Pecahan yang Tersisa

Bab 16 – Pecahan yang Tersisa

Mentari tak lagi terasa sama.

Sudah tiga hari sejak insiden itu. Tiga hari sejak Odo… hilang.

SubRosa v2 bubar sementara. Tak ada rapat. Tak ada misi. Tak ada interaksi.

Semua kembali ke rutinitas masing-masing, mencoba menelan kenyataan yang masih terasa absurd.

Bhima duduk di atap Pelita Raya. Angin sore mengacak rambutnya yang belum sempat dipotong. Tatapannya kosong, namun wajahnya tak menunjukkan kesedihan. Justru… kebingungan.

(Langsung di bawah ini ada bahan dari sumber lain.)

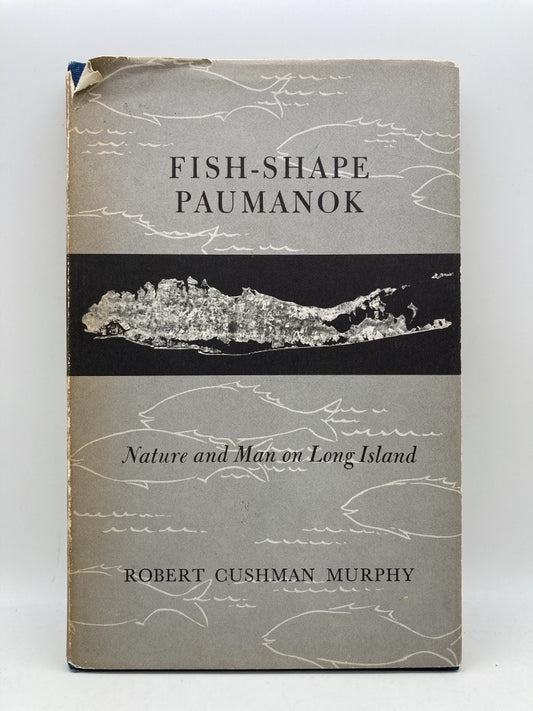 Fish-Shape Paumanok: Nature and Man on Long Island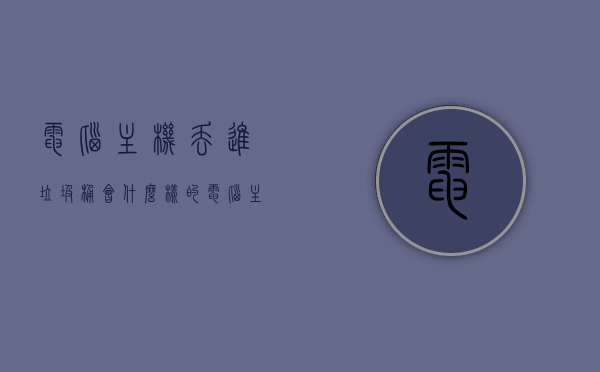 电脑主机丢进垃圾桶会什么样的（电脑主机扔了危险吗），电脑主机丢弃垃圾桶后果及危险性探讨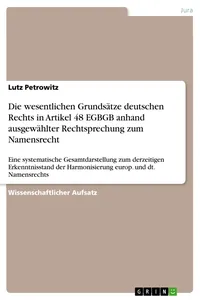 Die wesentlichen Grundsätze deutschen Rechts in Artikel 48 EGBGB anhand ausgewählter Rechtsprechung zum Namensrecht_cover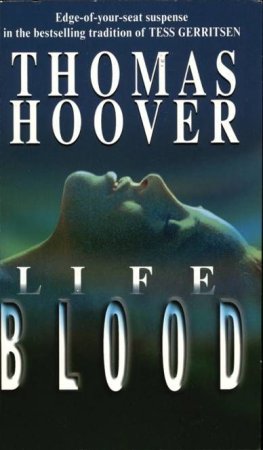 Thomas Hoover - Life blood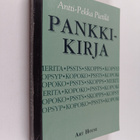 Antti-Pekka Pietilä : Pankkikirja : Miksi veronmaksajat m... - pikkukuva 1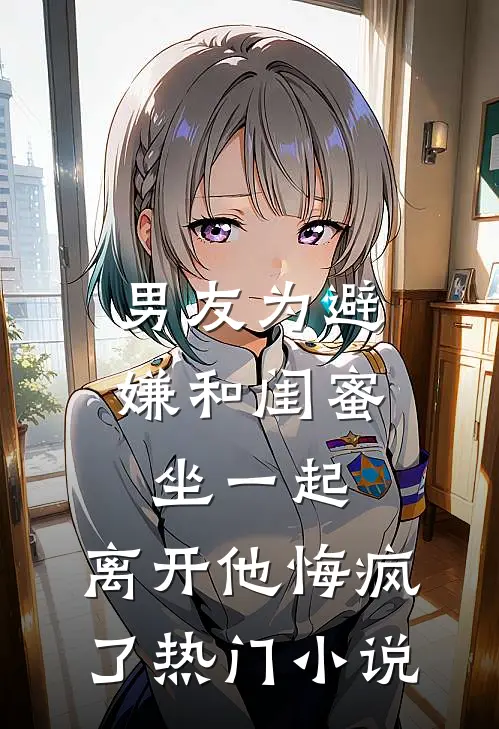 男友为避嫌和闺蜜坐一起，离开他悔疯了热门小说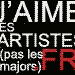 j'aime les artistes, pas les majors
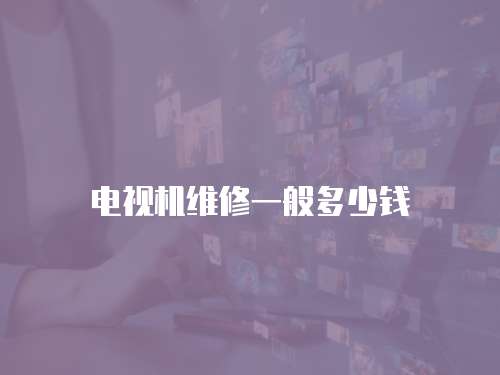 電視機(jī)維修一般多少錢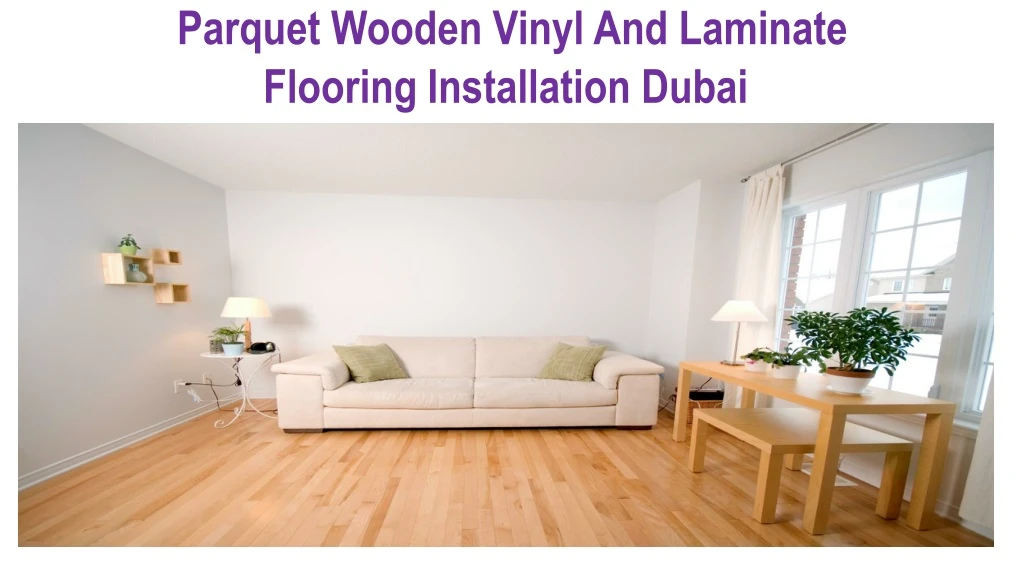 parquet wooden vinyl and laminate flooring installation dubai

“Gue ngebunuh Odo…” gumamnya.

Kalimat itu mengulang sendiri di kepalanya. Setiap malam. Setiap kali ia menutup mata.

Solara menghampirinya, membawa dua botol minuman dingin dan wajah yang tak lebih baik.

“Kukira lo bakal kabur ke hutan atau apalah,” candanya setengah hati.

Bhima menjawab dengan anggukan kecil. “Gue gak tahu ini benar atau salah.”

Solara duduk di sebelahnya. “Gue juga gak tahu… Tapi kalau kita gak lakukan itu, sekarang mungkin kota ini udah rata.”

Bhima memejamkan mata. “Gue cuma… berharap kita bisa nyelamatin dia.”

Solara diam, lalu menyodorkan botol. “Minum. Lo gak bisa nyelamatin siapa pun kalau lo nyiksa diri sendiri.”

Sementara itu, di ruang OSIS bawah tanah, Rere dan Elara duduk berhadapan. Di antara mereka, berkas-berkas dan dokumen tentang fenomena “Distorsi Jiwa”—hal yang menyebabkan Odo kehilangan kendali.

“Dua dari berkas ini dibakar. Seseorang gak mau kita tahu lebih jauh,” kata Elara dingin.

Rere mengangguk. “Pasti ada yang lebih besar dari ini. Odo bukan satu-satunya yang rentan… dan gue rasa, bukan yang pertama.”

Mereka menatap layar hologram di meja, memperlihatkan jejak-jejak energi yang tersisa dari Odo. Ada satu hal yang aneh—pola retakan itu... masih aktif, meski Odo sudah hilang.

Dan jauh di tempat lain, di sebuah ruangan gelap yang hanya diterangi oleh simbol bercahaya di lantai...

Sekelompok manusia bertopeng berdiri melingkar. Salah satu dari mereka menatap rekaman pertarungan Odo dan Bhima dengan saksama.

“SubRosa v2 berhasil menyingkirkannya.”

“Bagus,” kata salah satu dari mereka. “Saatnya proyek Pantulan Jiwa dijalankan.”

Yang lain menambahkan, “Tapi jangan perlihatkan dulu. Biar mereka pikir semuanya sudah selesai.”

Lalu layar mati. Sunyi. Gelap.

Dan di Pelita Raya, Bhima menatap matahari yang akan tenggelam.

Tapi kali ini, dia tak merasa hangat.